- What you are asked to do
Exact copy, no pictures: set down the lines from the one holding "Krzesło labolatoryjne, warsztatowe, podwyższane" through the final line of the records below.

- Provided material
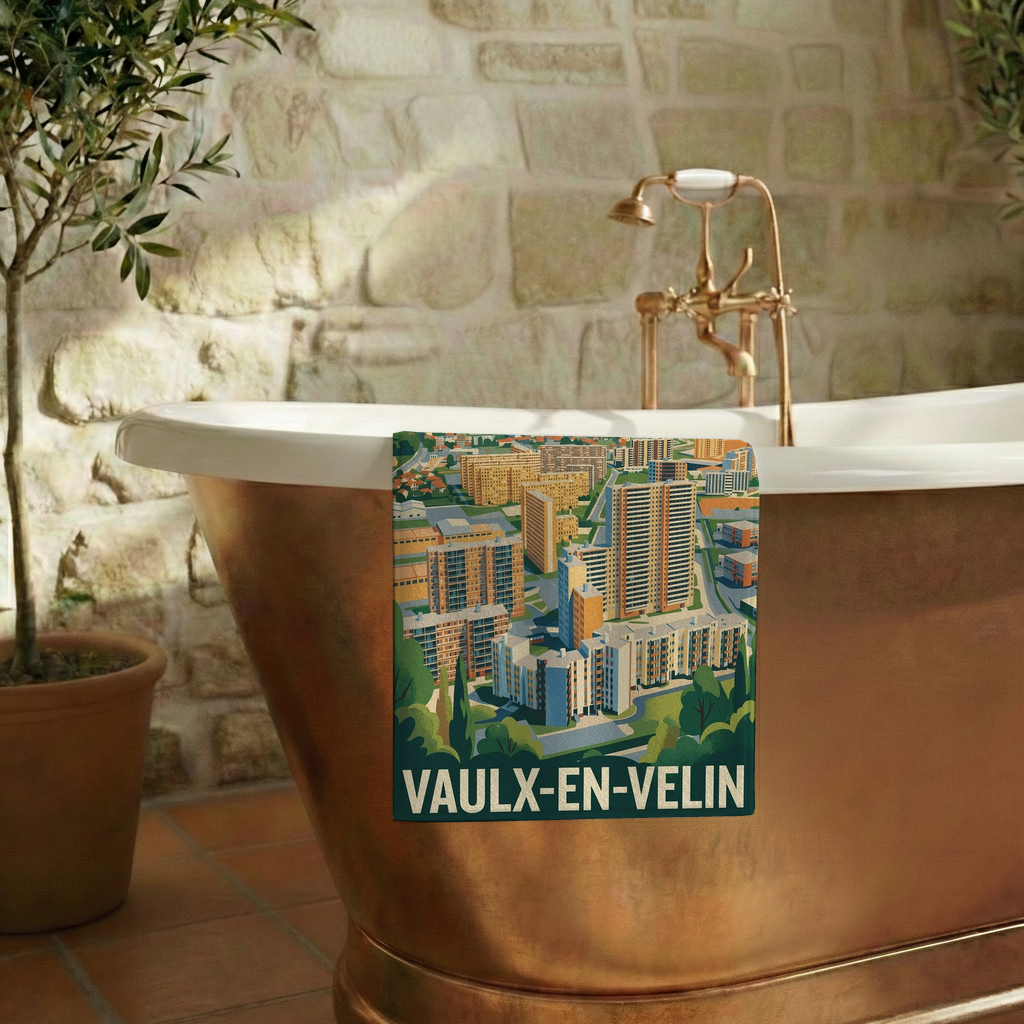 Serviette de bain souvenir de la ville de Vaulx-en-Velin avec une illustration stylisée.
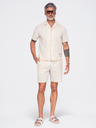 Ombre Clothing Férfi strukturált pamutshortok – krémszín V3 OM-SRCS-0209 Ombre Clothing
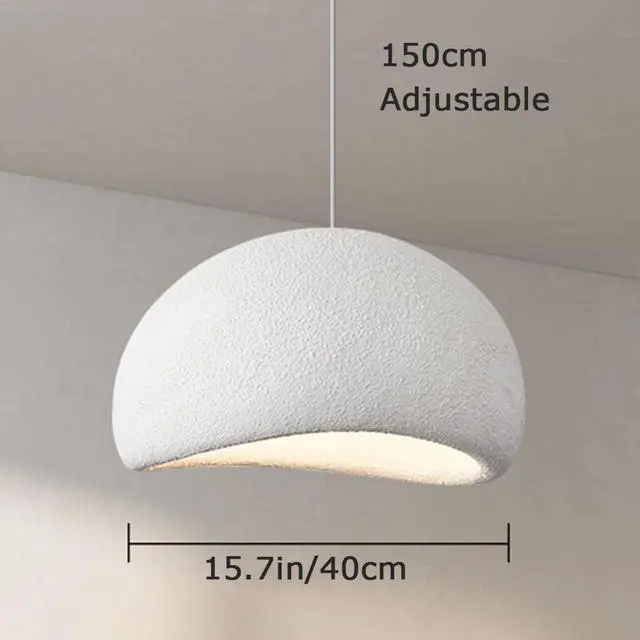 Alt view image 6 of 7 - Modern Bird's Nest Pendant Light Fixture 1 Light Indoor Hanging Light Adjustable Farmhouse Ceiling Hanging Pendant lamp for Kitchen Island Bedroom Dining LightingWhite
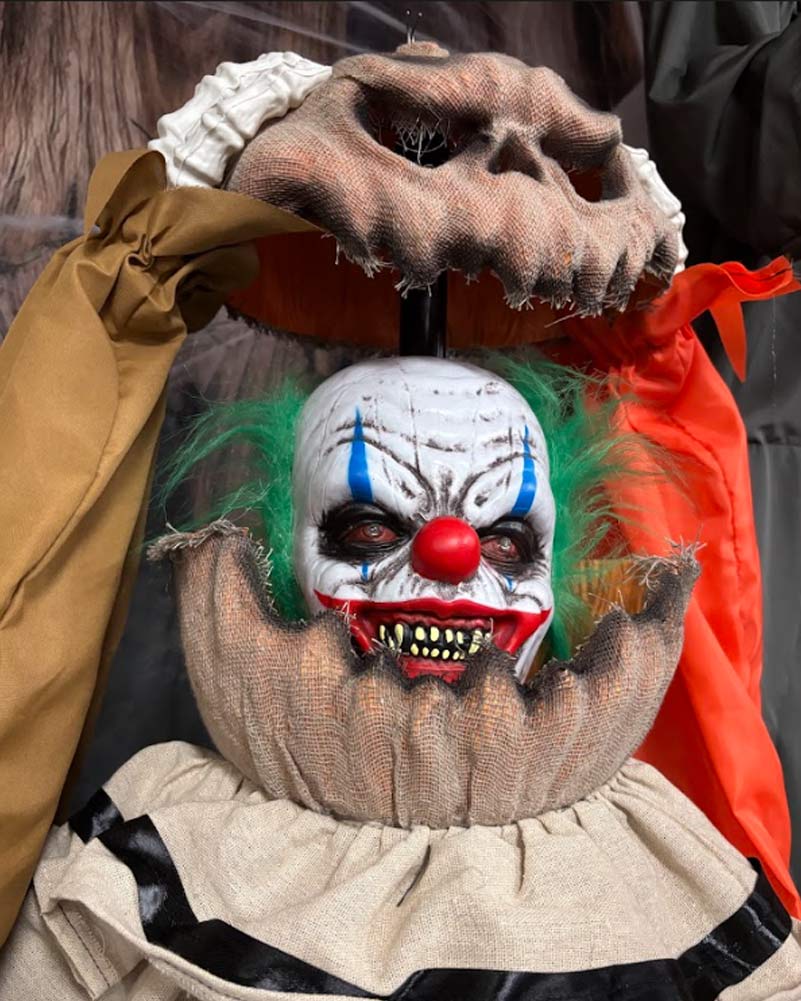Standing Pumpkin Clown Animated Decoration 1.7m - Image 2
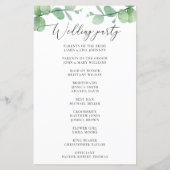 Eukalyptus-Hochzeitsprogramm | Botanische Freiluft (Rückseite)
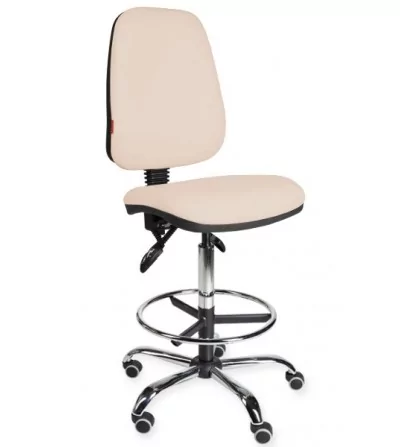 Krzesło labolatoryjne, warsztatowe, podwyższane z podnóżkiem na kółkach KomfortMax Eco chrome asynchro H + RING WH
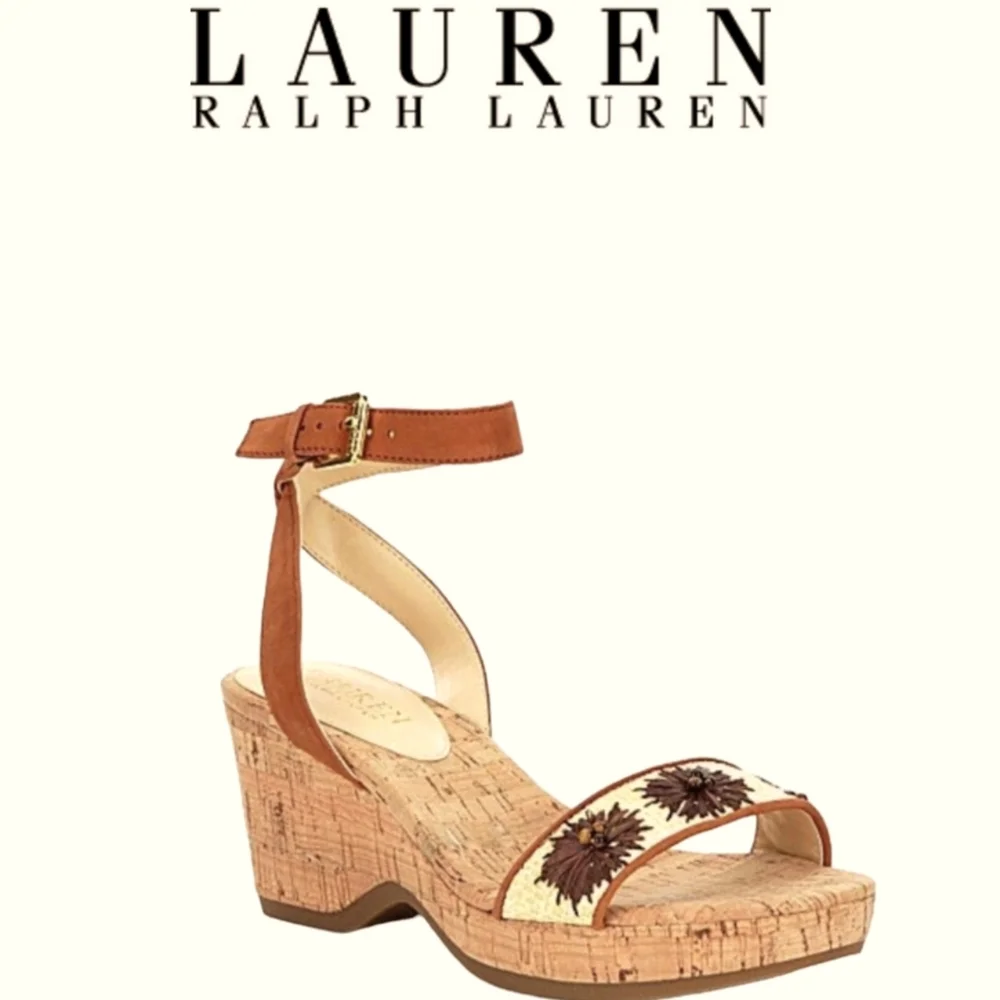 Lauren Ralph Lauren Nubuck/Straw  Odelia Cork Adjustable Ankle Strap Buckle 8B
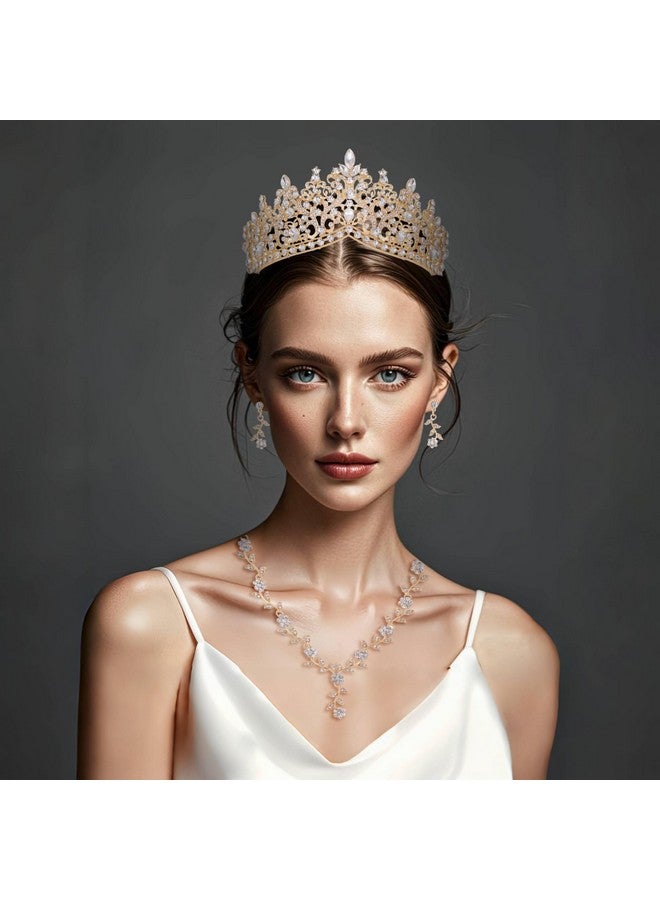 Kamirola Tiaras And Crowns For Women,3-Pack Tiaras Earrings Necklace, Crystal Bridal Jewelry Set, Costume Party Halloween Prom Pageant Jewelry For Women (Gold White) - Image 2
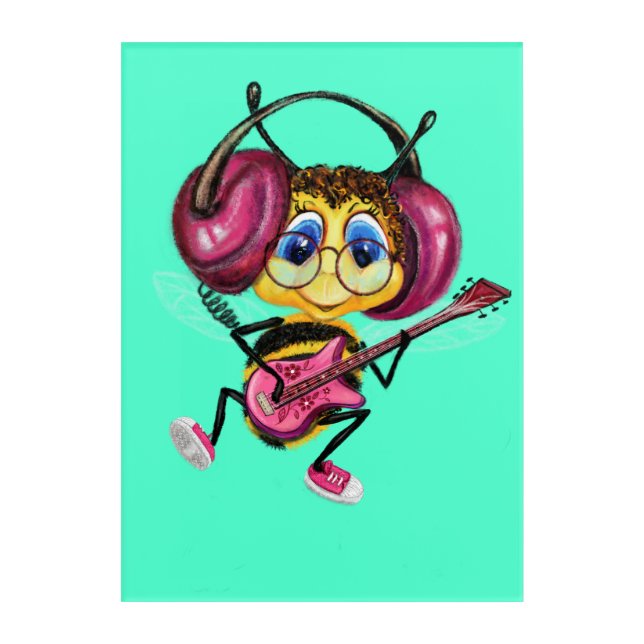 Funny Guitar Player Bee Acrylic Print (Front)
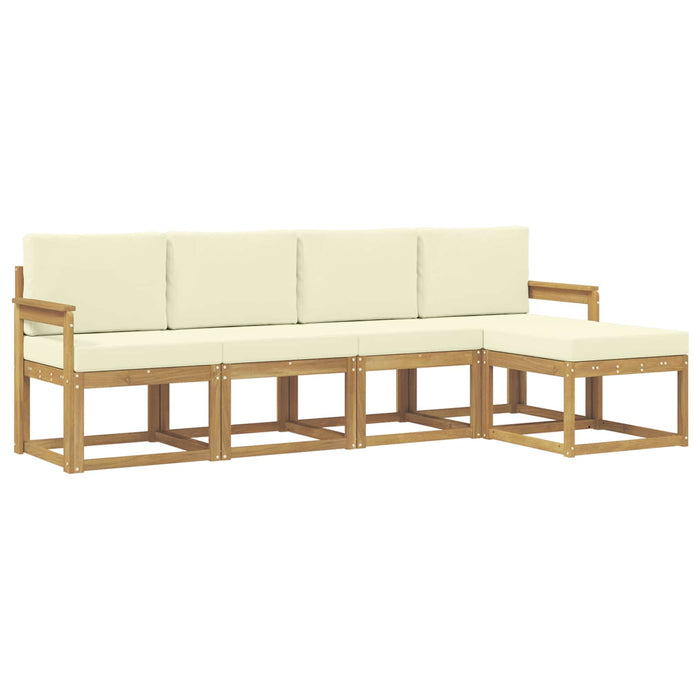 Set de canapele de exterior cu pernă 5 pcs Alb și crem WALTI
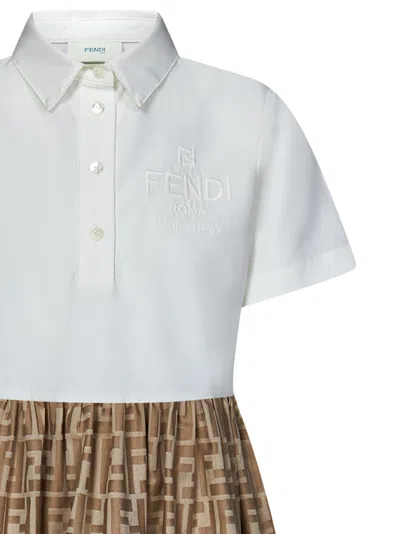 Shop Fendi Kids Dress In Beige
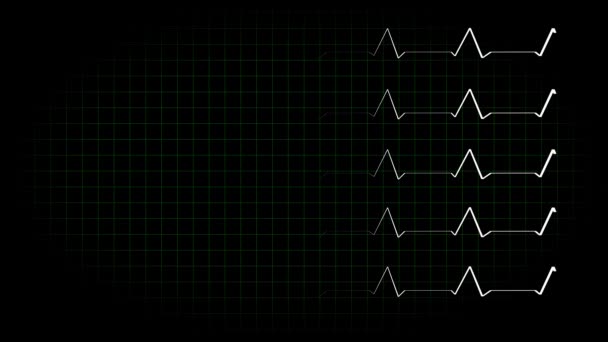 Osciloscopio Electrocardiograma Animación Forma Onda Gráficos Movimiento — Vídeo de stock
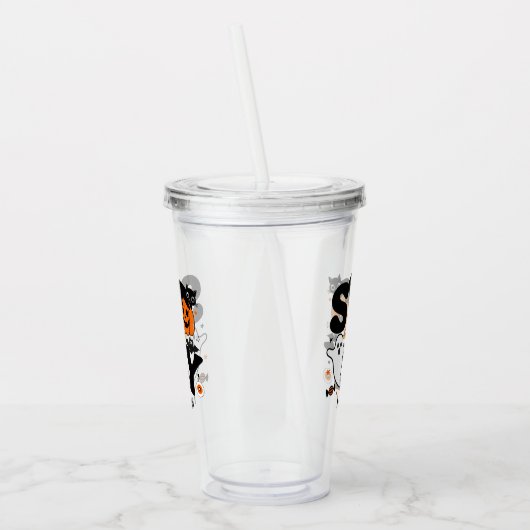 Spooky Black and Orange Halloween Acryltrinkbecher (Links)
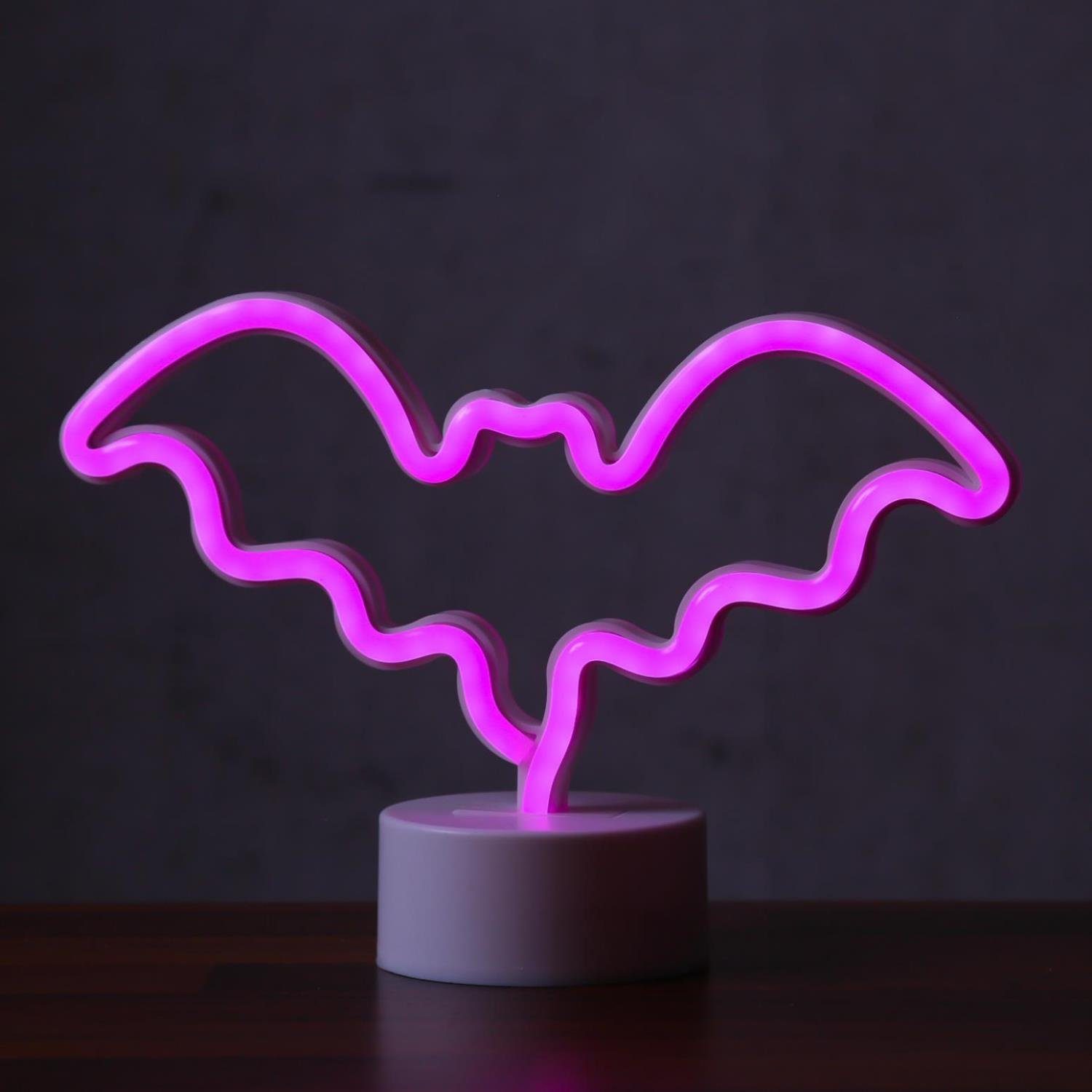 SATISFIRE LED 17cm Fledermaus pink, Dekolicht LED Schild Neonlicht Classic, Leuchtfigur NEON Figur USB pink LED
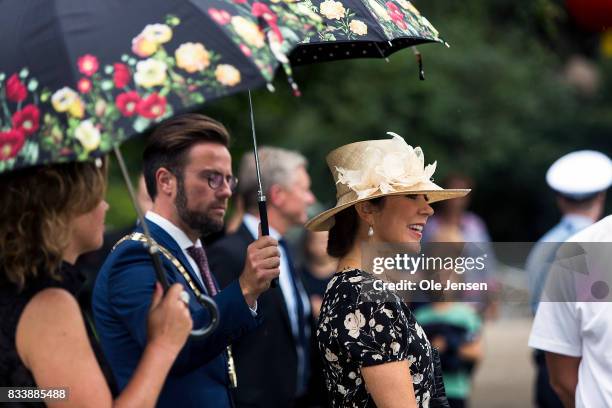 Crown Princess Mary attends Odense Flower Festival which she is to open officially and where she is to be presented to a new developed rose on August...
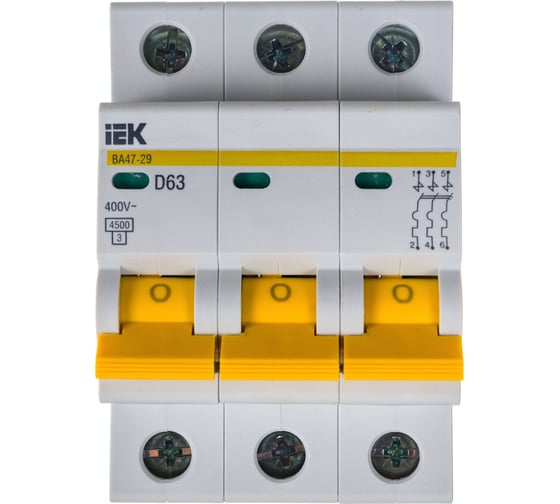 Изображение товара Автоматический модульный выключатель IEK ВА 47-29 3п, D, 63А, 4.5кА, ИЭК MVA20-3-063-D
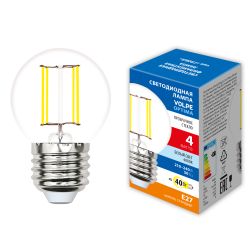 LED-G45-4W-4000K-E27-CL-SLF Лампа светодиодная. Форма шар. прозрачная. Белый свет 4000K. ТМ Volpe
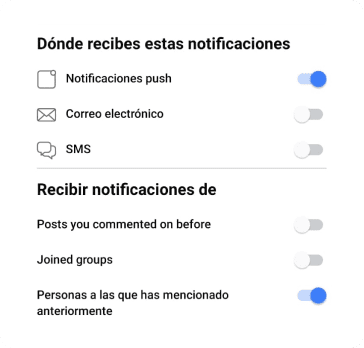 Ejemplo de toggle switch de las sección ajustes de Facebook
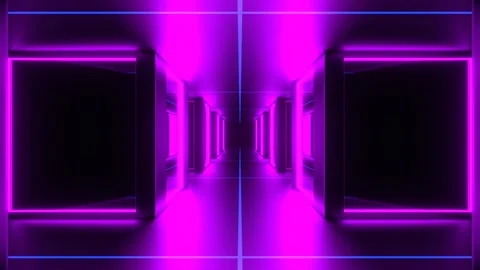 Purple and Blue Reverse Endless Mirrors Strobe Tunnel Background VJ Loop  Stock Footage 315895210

- Solution for this task
 Krzesło labolatoryjne, warsztatowe, podwyższane z podnóżkiem na kółkach KomfortMax Eco chrome asynchro H + RING WH
 Lauren Ralph Lauren Nubuck/Straw  Odelia Cork Adjustable Ankle Strap Buckle 8B
 Kamirola Tiaras And Crowns For Women,3-Pack Tiaras Earrings Necklace, Crystal Bridal Jewelry Set, Costume Party Halloween Prom Pageant Jewelry For Women (Gold White) - Image 2
 Funny Guitar Player Bee Acrylic Print (Front)
 Set de canapele de exterior cu pernă 5 pcs Alb și crem WALTI
 Shop Fendi Kids Dress In Beige
 Osciloscopio Electrocardiograma Animación Forma Onda Gráficos Movimiento — Vídeo de stock
 Spooky Black and Orange Halloween Acryltrinkbecher (Links)
 SATISFIRE LED 17cm Fledermaus pink, Dekolicht LED Schild Neonlicht Classic, Leuchtfigur NEON Figur USB pink LED
 Crown Princess Mary attends Odense Flower Festival which she is to open officially and where she is to be presented to a new developed rose on August...
 Изображение товара Автоматический модульный выключатель IEK ВА 47-29 3п, D, 63А, 4.5кА, ИЭК MVA20-3-063-D
 LED-G45-4W-4000K-E27-CL-SLF Лампа светодиодная. Форма шар. прозрачная. Белый свет 4000K. ТМ Volpe
 Ejemplo de toggle switch de las sección ajustes de Facebook
 Purple and Blue Reverse Endless Mirrors Strobe Tunnel Background VJ Loop  Stock Footage 315895210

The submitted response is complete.